Former U.S. Marine Reed, who had been in detention since 2019, was swapped for Konstantin Yaroshenko, a Russian pilot jailed more than a decade ago. “The negotiations that allowed us to bring Trevor home required difficult decisions that I do not take lightly,” President Joe Biden said in a statement.

Companies Would Break Sanctions With Ruble Payments, EU Says (2:37 p.m.)
European Commission President Ursula von der Leyen warned companies that bending to Moscow’s demands to pay for gas in rubles would be a breach of sanctions.

“We have round about 97% of all contracts that explicitly stipulate payments in euros or dollars, so it’s very clear. The request from the Russian side to pay in rubles is a unilateral decision and not according to the contracts,” she said. “Companies with such contracts should not accede to the Russian demands.
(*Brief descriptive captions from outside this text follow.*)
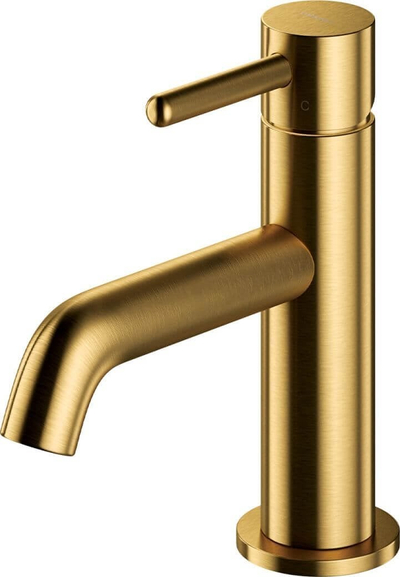 Rubinet lavamani Omnires Y, montim në sipërfaqe, përfundim gold i furçuar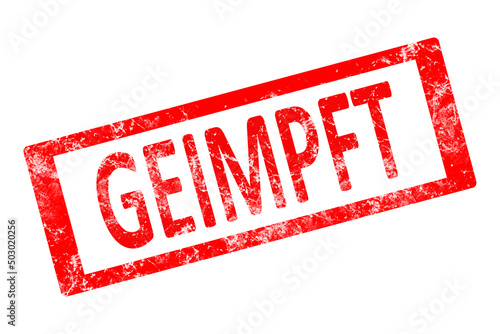 Stempel - GEIMPFT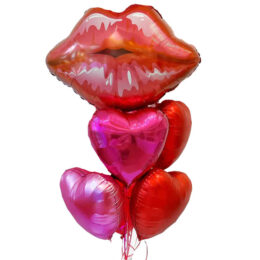 Σετ μπαλόνια Χείλη και Καρδιές (5 τεμ)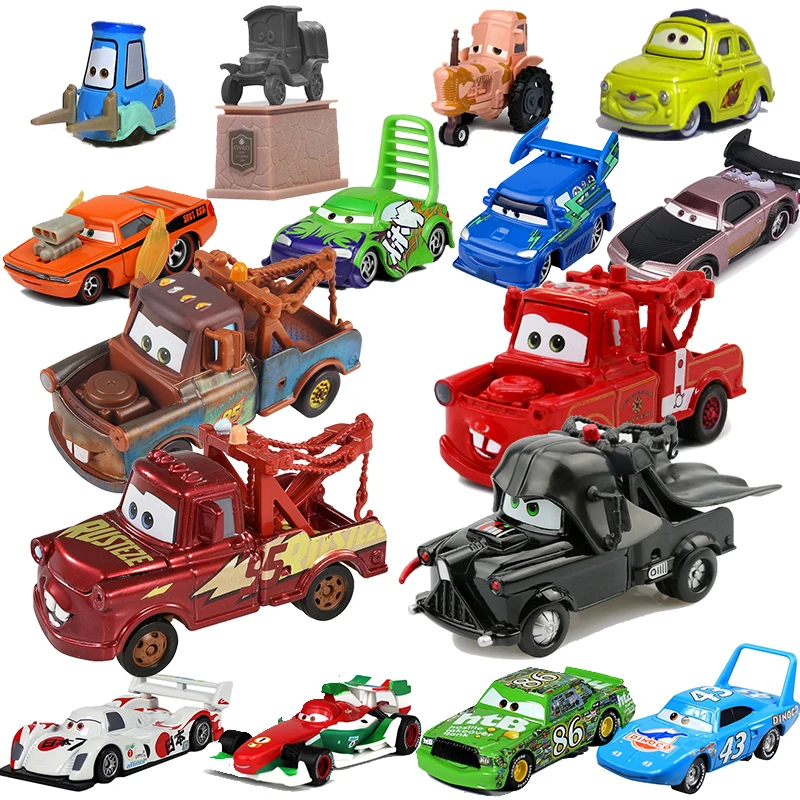 Disney Pixar Cars 2 3 Toy Red Mater Star Wars Rusteze Lightning Mcqueen Metal Model Car 1:55 Toy Diecast Vehicles Children Gift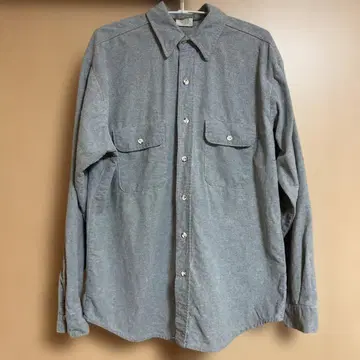 90's FIVEBROTHER L 플란넬 셔츠 샤모어 단색 그레이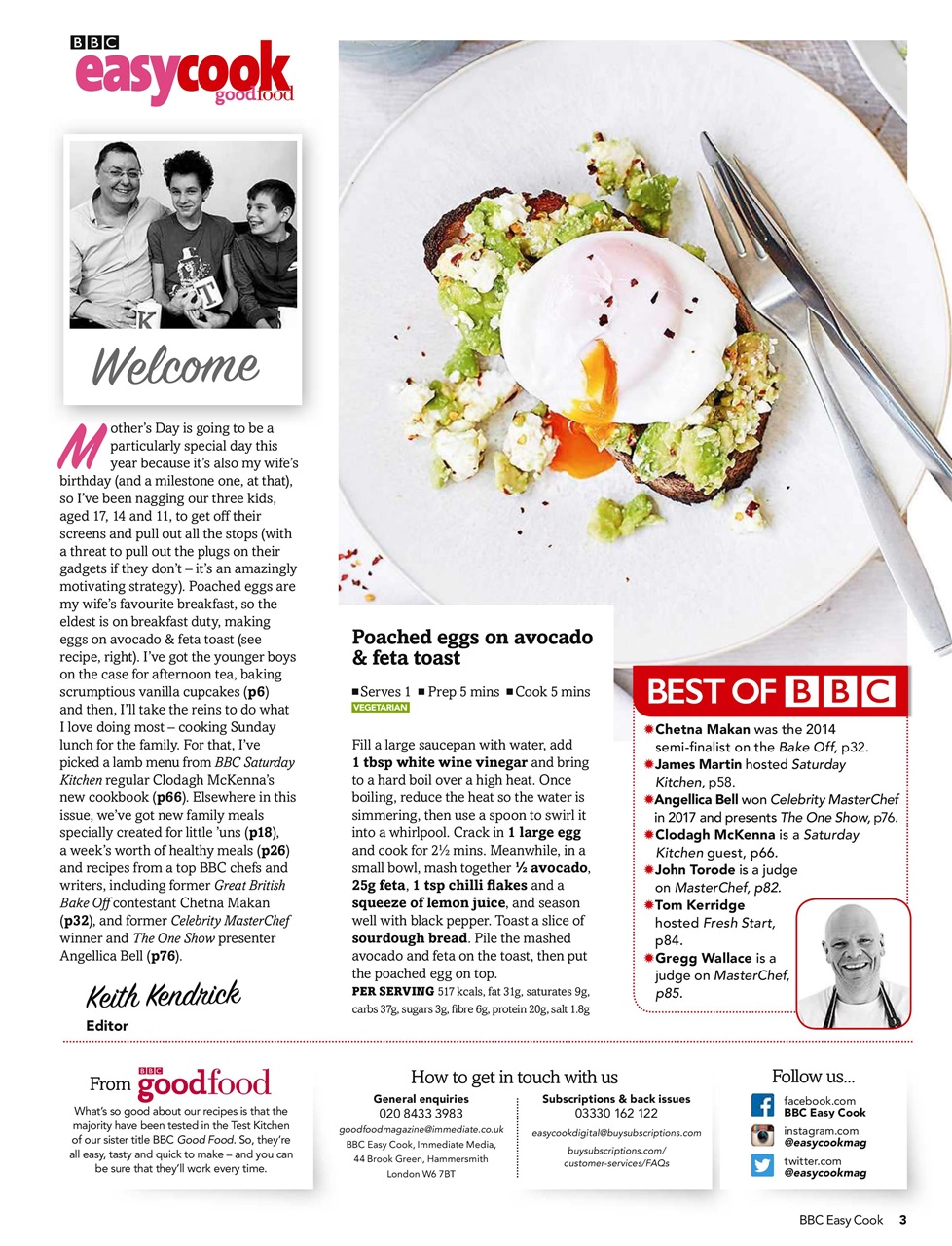 Easy Cook Magazine Preview Pages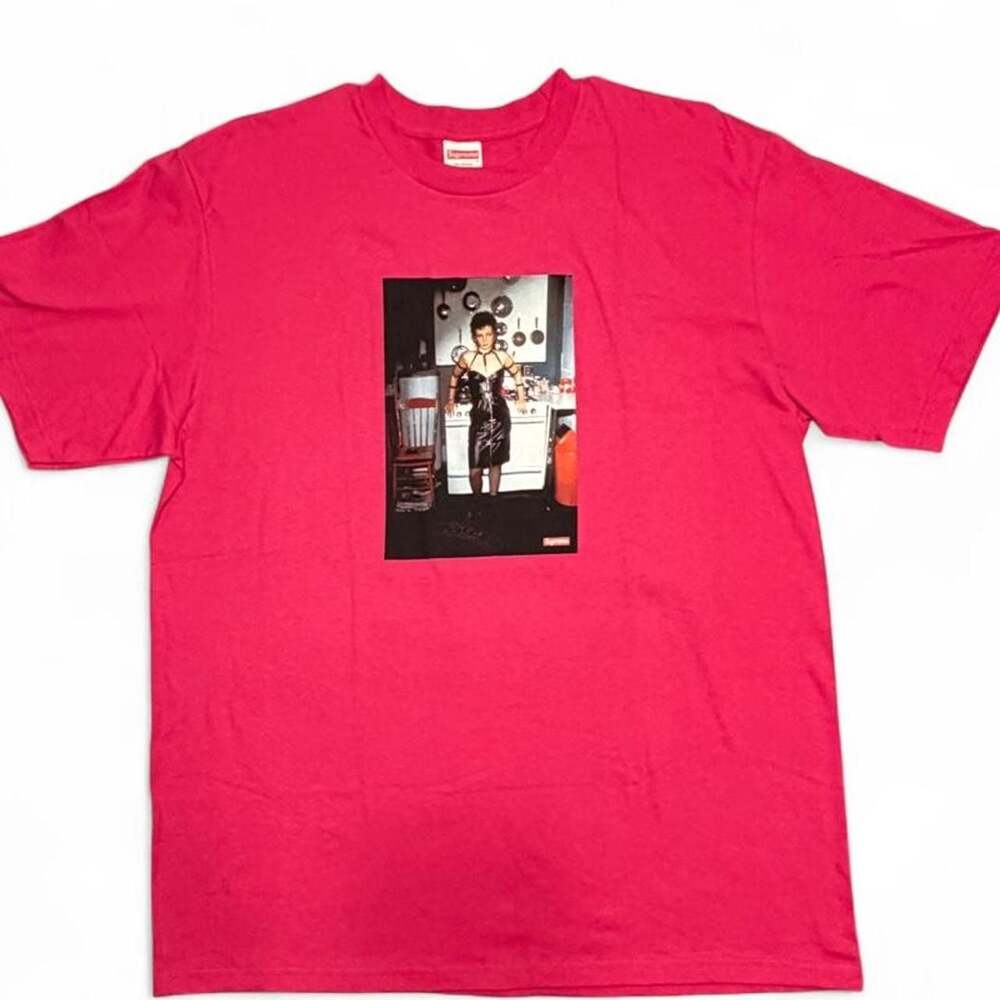Supreme Kitchen Graphic T-Shirt Pink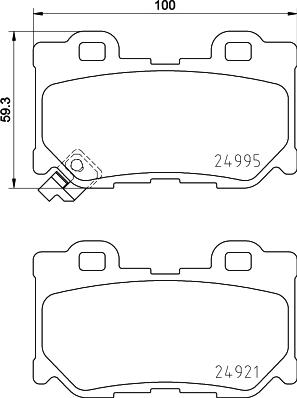 HELLA 8DB 355 015-421 - Bremžu uzliku kompl., Disku bremzes ps1.lv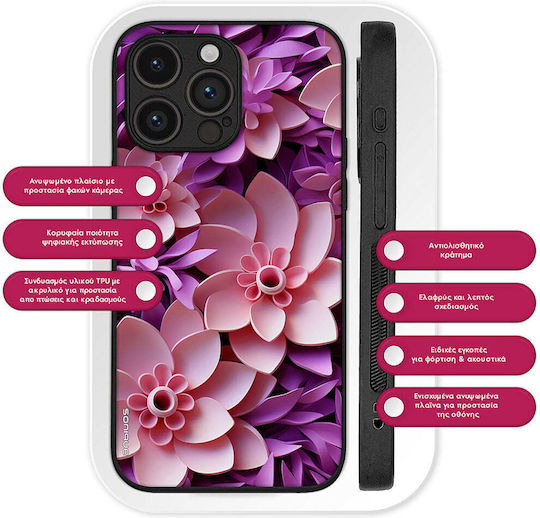 Калъф Sonique 3D Flower Series Oppo Reno14 5G Розов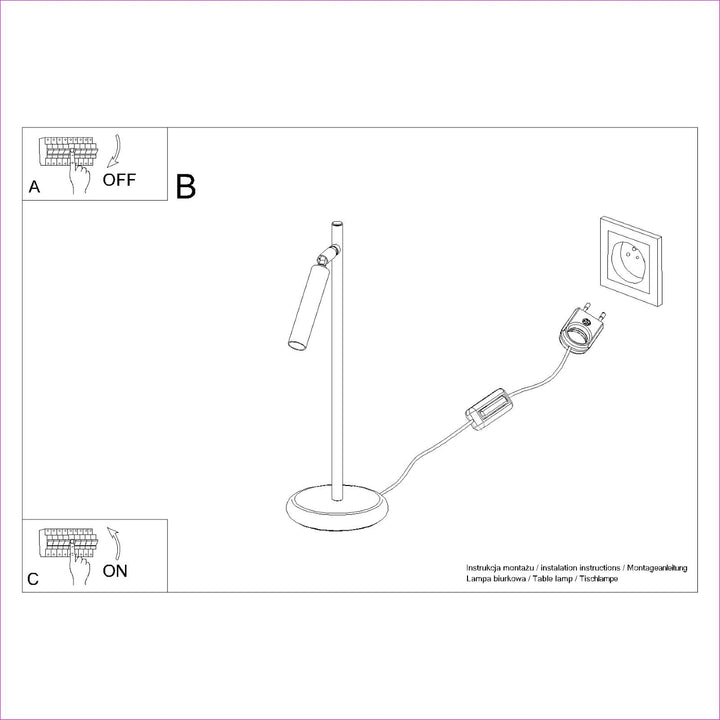 Lampa de birou PASTELO alb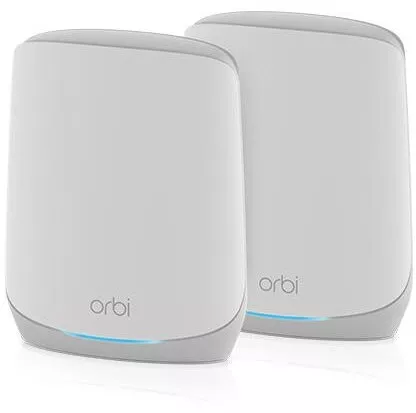 Router Mesh Wireless Netgear System WiFi 6 Orbi RBK762S AX5400 2-pack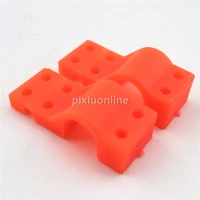 2pcspack j121 red plastic slj 7 coreless motor holder for our 716 motor 2mm fixed aperture diy free shipping russia
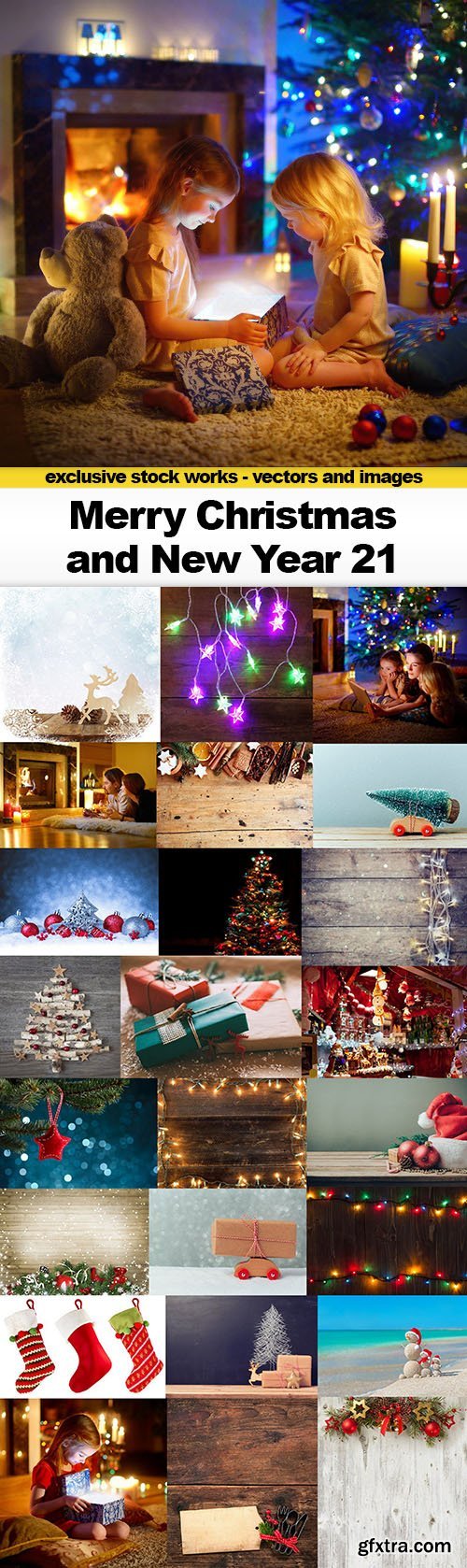 Merry Christmas & New Year 21, 25xJPG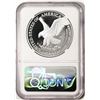 Image 2 : 2023-W $1 Proof American Silver Eagle Coin NGC PF69 Ultra Cameo Congratulations Set
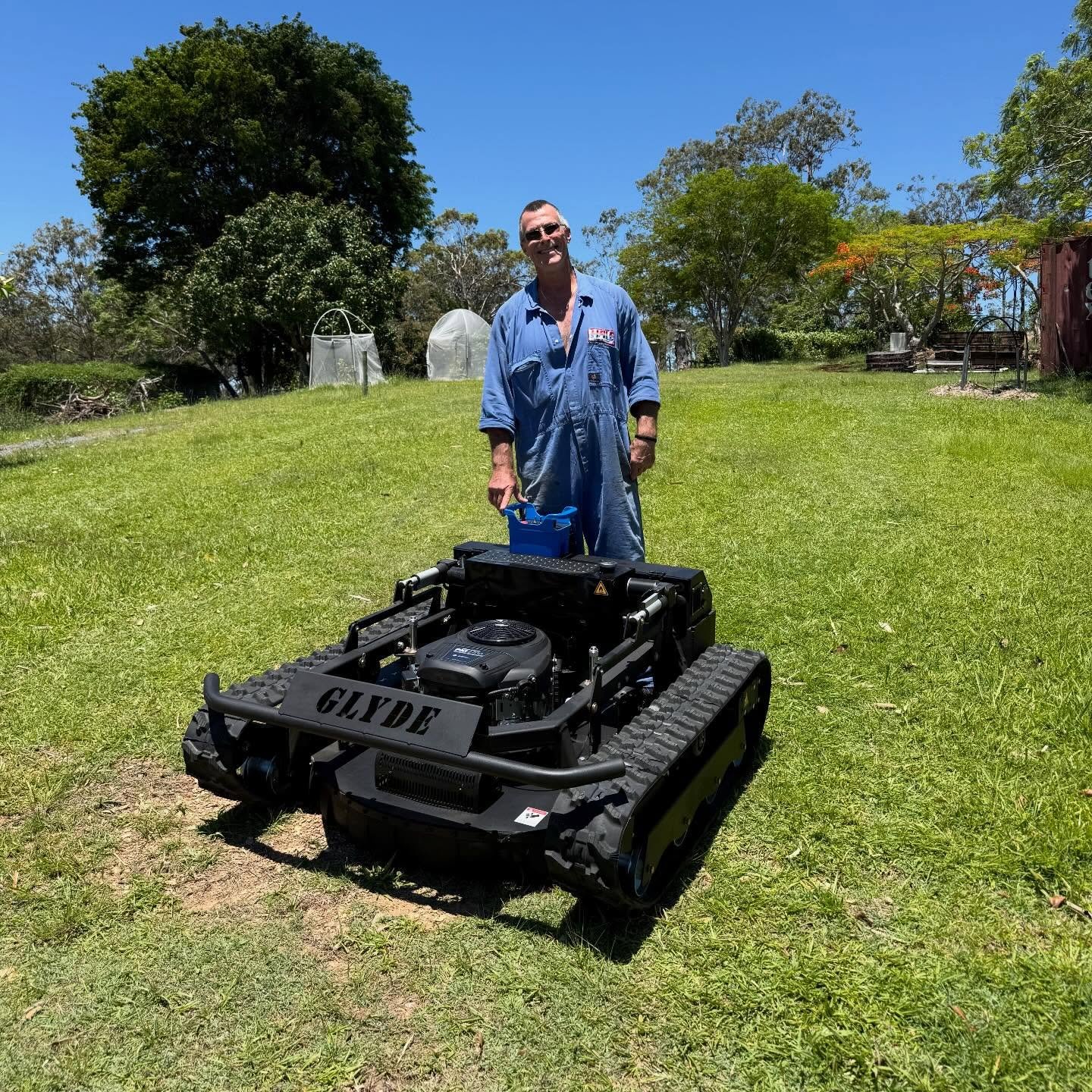 Congratulations on your new AutoSlasher Ed! 
This customer has a property north of Brisbane with both steep &amp; rough terrain which js difficult to mow. The AutoSlasher provides the ideal solution for both safer &amp; easier maintenance!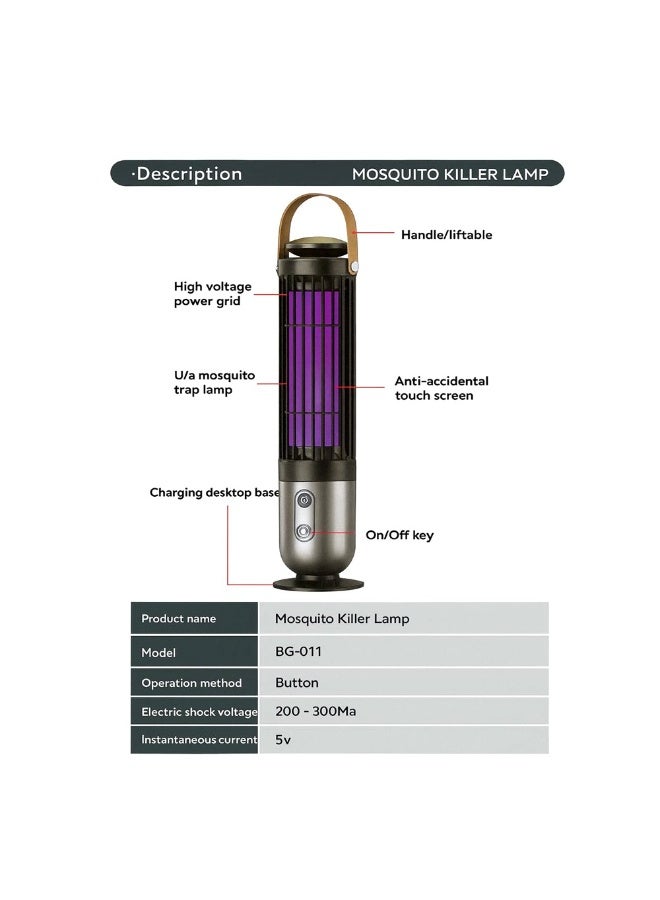 AGD Electric shock fly killer for protection against mosquitoes and flies in homes, offices, and campsites. - Image 5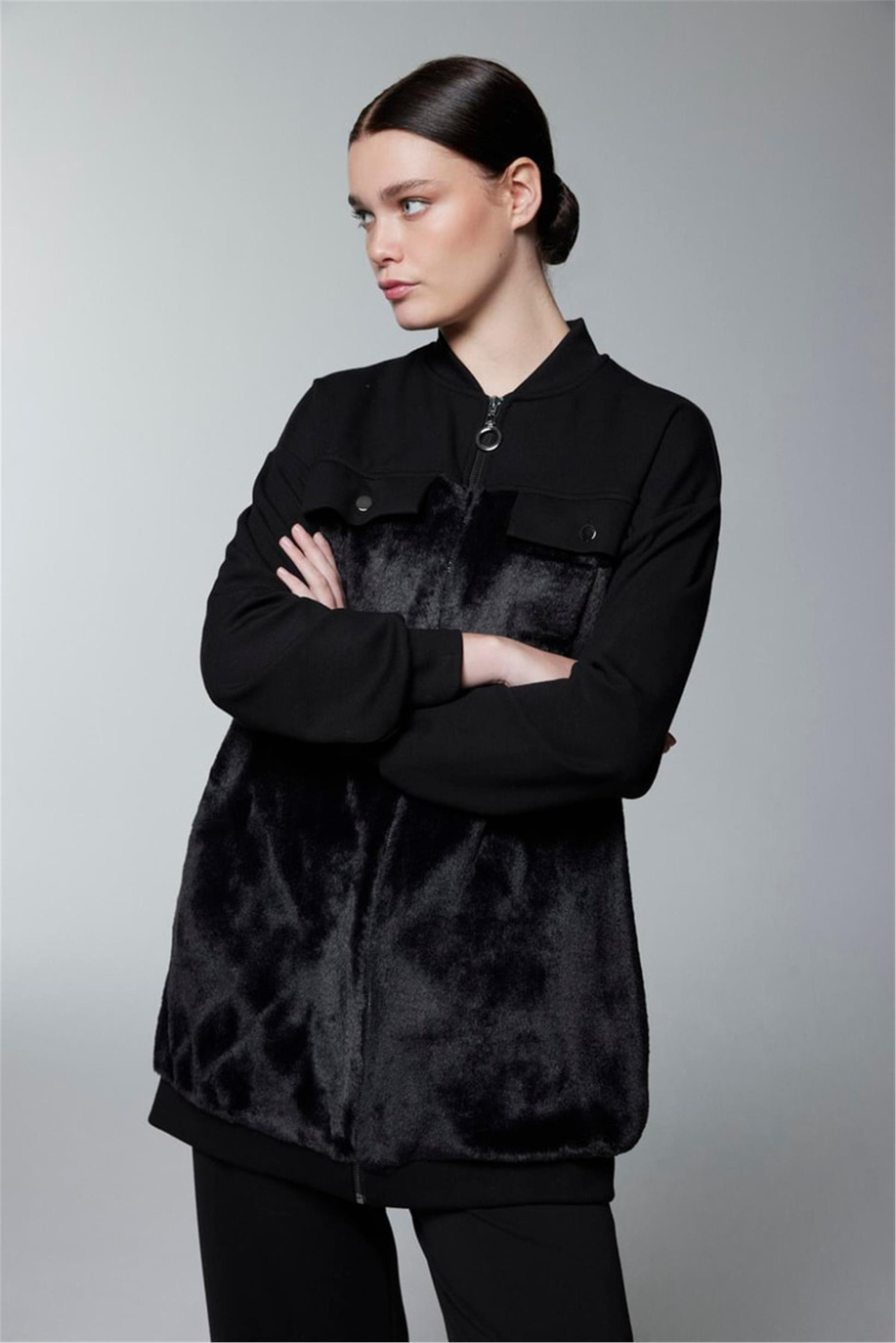 Zühre Ceket Siyah - Z25KB0156CKT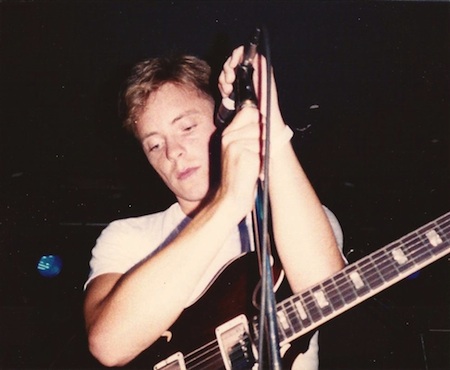 New Order live at FAC 51 The Hacienda 13 July 1983 [photo credit: Rob Pearce]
This would be a breach of the Russian sanctions.”

Germany Vows to Continue to Pay for Gas in Euros (2:15 p.m.) 
Germany said its companies will continue to pay for Russian gas in euros or dollars, hours after European Union partners Poland and Bulgaria were cut off by Gazprom PJSC for refusing to pay in rubles as President Vladimir Putin has demanded.

Responding to the dramatic escalation, which sent gas prices soaring, Economy Minister Robert Habeck said Germany’s gas supply situation is “stable” and “we are doing everything we can to keep it that way.”

Zelenskyy Thanks Indonesia for Invite to G-20 Summit (1:54 p.m.)
Ukrainian President Volodymyr Zelenskyy said he’s been invited to attend this year’s Group of 20 summit in Indonesia, raising the prospect he crosses paths with Vladimir Putin if the Russian leader opts to attend in person.

Zelenskyy thanked Indonesian President Joko Widodo “for the support of Ukraine’s sovereignty and territorial integrity, in particular for a clear position in the UN.” The U.S. and its allies had been frustrated by Indonesia’s refusal to withdraw a summit invitation to Putin and pressed it to invite Zelenskyy as a guest to the Group of 20 summit in November.